Data to use:

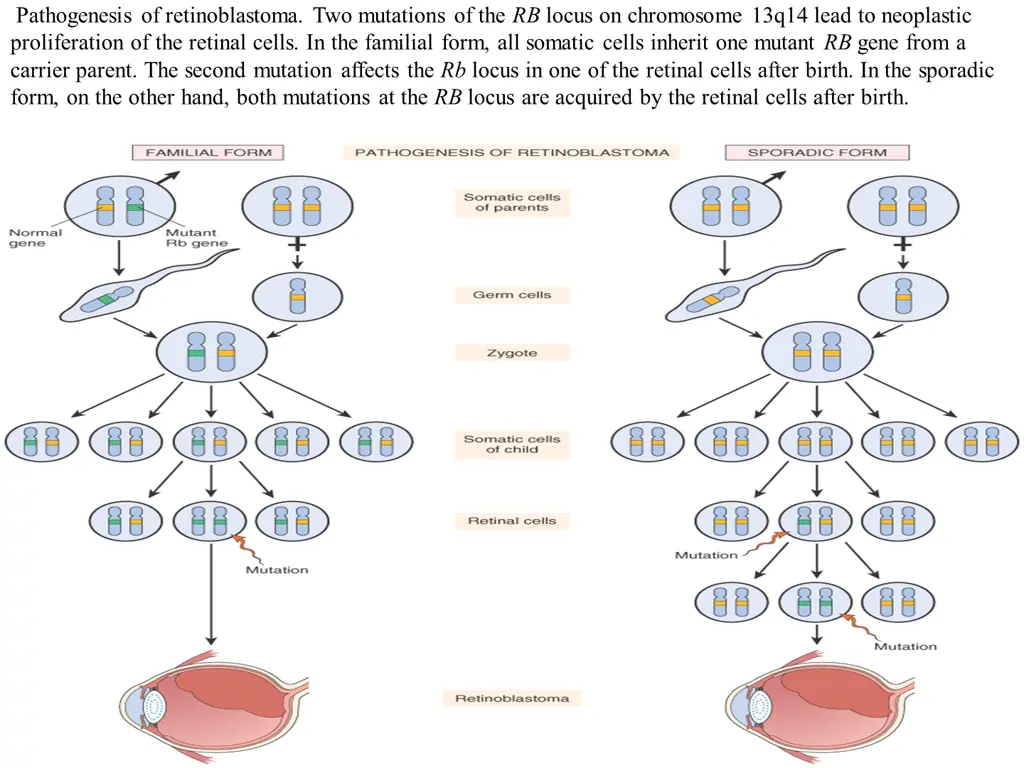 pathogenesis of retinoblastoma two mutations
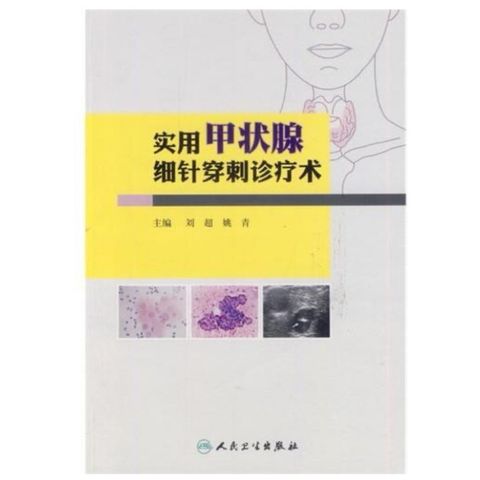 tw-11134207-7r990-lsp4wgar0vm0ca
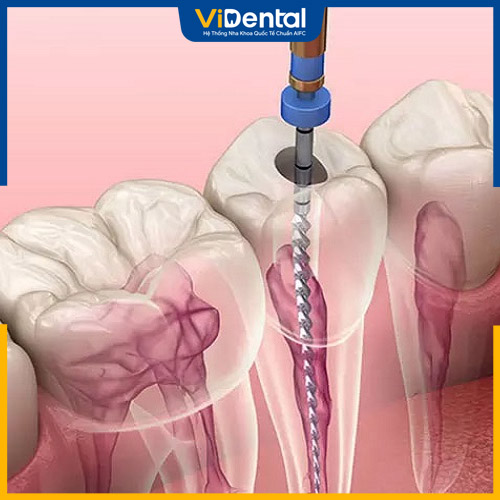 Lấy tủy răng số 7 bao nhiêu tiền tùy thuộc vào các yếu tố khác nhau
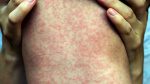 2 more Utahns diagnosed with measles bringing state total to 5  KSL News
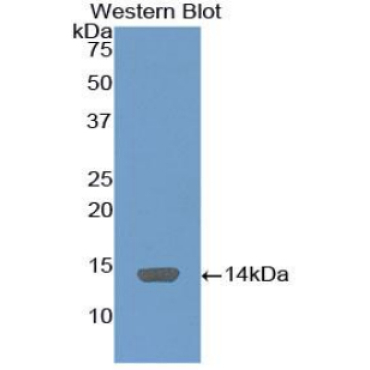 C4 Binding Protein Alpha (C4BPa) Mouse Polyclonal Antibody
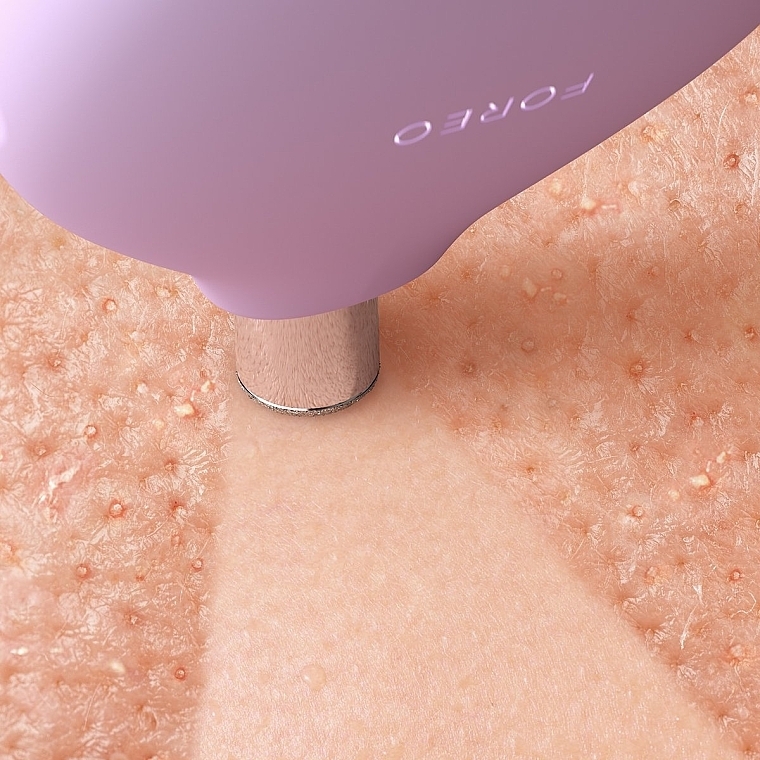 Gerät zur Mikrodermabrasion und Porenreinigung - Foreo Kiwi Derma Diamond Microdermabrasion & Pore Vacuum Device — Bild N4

---

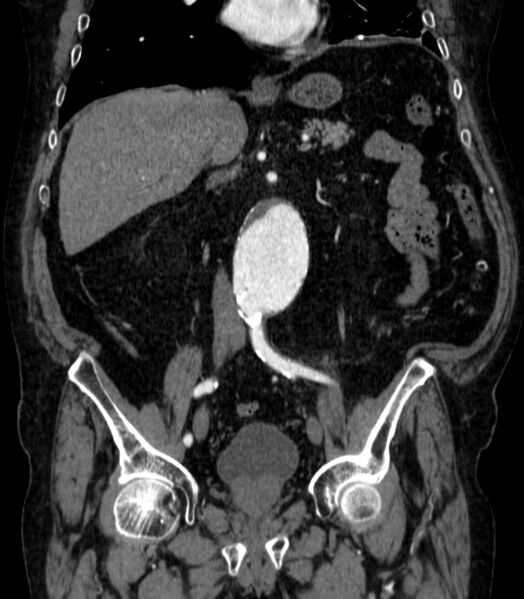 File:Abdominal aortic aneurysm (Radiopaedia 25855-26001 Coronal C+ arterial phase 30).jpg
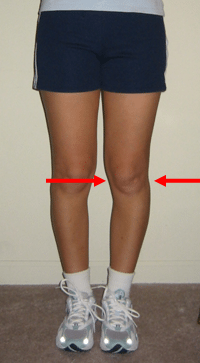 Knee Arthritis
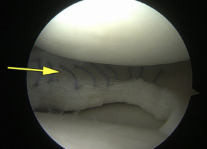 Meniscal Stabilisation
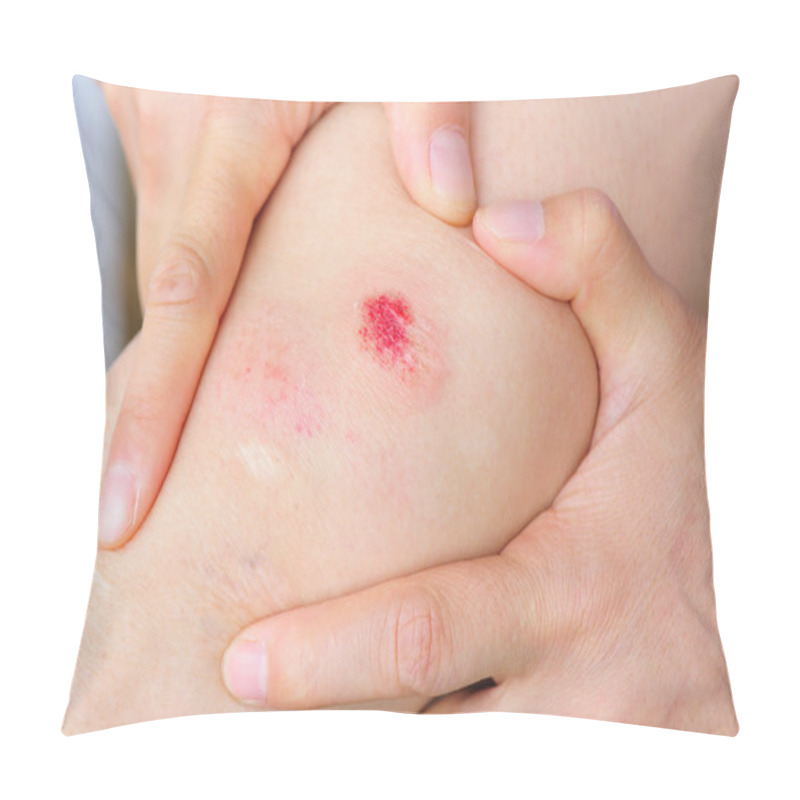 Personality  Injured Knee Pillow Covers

Work order: Repeat only the stretch of data above that runs from the line with "Meniscal Stabilisation" to the line with "Knee Pillow Covers". Keep both end lines; exclude pictures.

Reply:
 Meniscal Stabilisation
 Personality  Injured Knee Pillow Covers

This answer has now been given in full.